ビッグデータ時代の新マーケティング思考
様々な事例が紹介されていた「ビッグデータの正体」に続き、2冊目はマーケティング×ビッグデータに焦点をあてた「ビッグデータ時代の新マーケティング思考」です。
この本におけるビッグデータの定義
“非構造データを含む大容量のデータ”(P.21)とすごくシンプルに述べられています。さすがに、「えっ?それだけ?」と思いましたが、ご安心を。

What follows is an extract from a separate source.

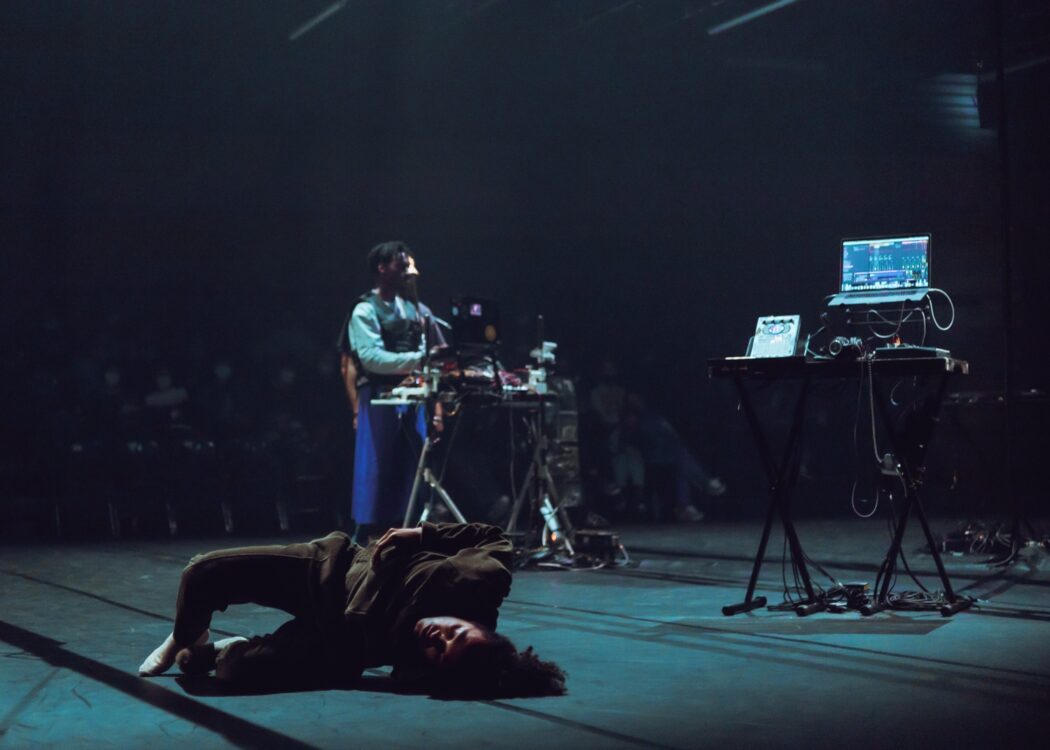 Danseur en mouvement au premier plan avec un musicien et le public en fond durant le spectacle Earthbound.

同ページ以降にちゃんと細かい説明もついています。大容量即ち「ビッグ」と言われるデータ規模の説明に加え、ビッグデータは容量(Volume)、種類(Variety)、頻度・生成スピード(Velocity)の3つ「V」を満たす必要があるとしています。3Vを用いて、ビッグデータを説明することは他の書籍や記事でもよく見られることですね。
どんな時にこの本を活用するか
題名にある通り、マーケティングという観点、特にCRMに重点を置いて話が進んでいきます。そのため、当たり前ですが「ビッグデータ×マーケティングで何ができるか」を知ることができます。

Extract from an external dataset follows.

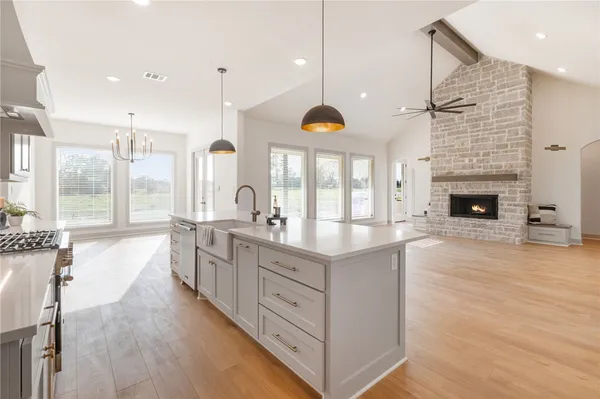 a large kitchen with stainless steel appliances kitchen island granite countertop a stove a sink a refrigerator and a fireplace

従来のマーケティングに比べ、効果検証とそれに応じた次なる打ち手の精度と実施までの速度が向上した、なぜなら大量のデータを蓄積し、そこから知見を見出す手助けをしてくれるツールがあるからだとしています。
本の中ではDMPやアトリビューションマネージメント等の考え方とそれを支えるテクノロジーの両方を図表を交えて説明しています。マーケティングにおいて、データ活用はホットなトピックなので、この本を読めば、最近話題のマーケティング業界での話題のアプローチとそれを支えるテクノロジーは抑えられるでしょう。
ちなみ、P.35にビッグデータの活用事例が一覧化されおり、前回紹介した「ビッグデータの正体」とは異なり、日本企業の事例が多く記載されています。例えば、愛媛ではミカンの発育にビッグデータが活用されているなど、興味深い事例も載っています。
この書籍で印象に残ったこと
反応者志向のマーケティングへ(P.156)というコンセプト紹介されています。これは従来のマーケティング活動のスタートである詳細なターゲティングから、企業はターゲットを緩めに想定し、例えば広告に反応したユーザーをターゲットとして詳細に分析し、次の打ち手を考えるという考え方です。
この「反応したユーザー」を素早くターゲットとして分析し、効果的な打ち手を導き出す為にPDCAサイクルを細かく回すことが必要であり、その手段がビッグデータ活用であるという考え方はこれはGixoのコンセプトである「小さなPD(CS)∞」に近いので、とても印象深かったですね。
「とりあえず、大量データを処理して分析を回してみたら、こんなことがわかりました」という事例も多い中で、ビジネスに活用する為の手段としてビッグデータ活用があるということが強いメッセージとして伝わってくる一冊でした。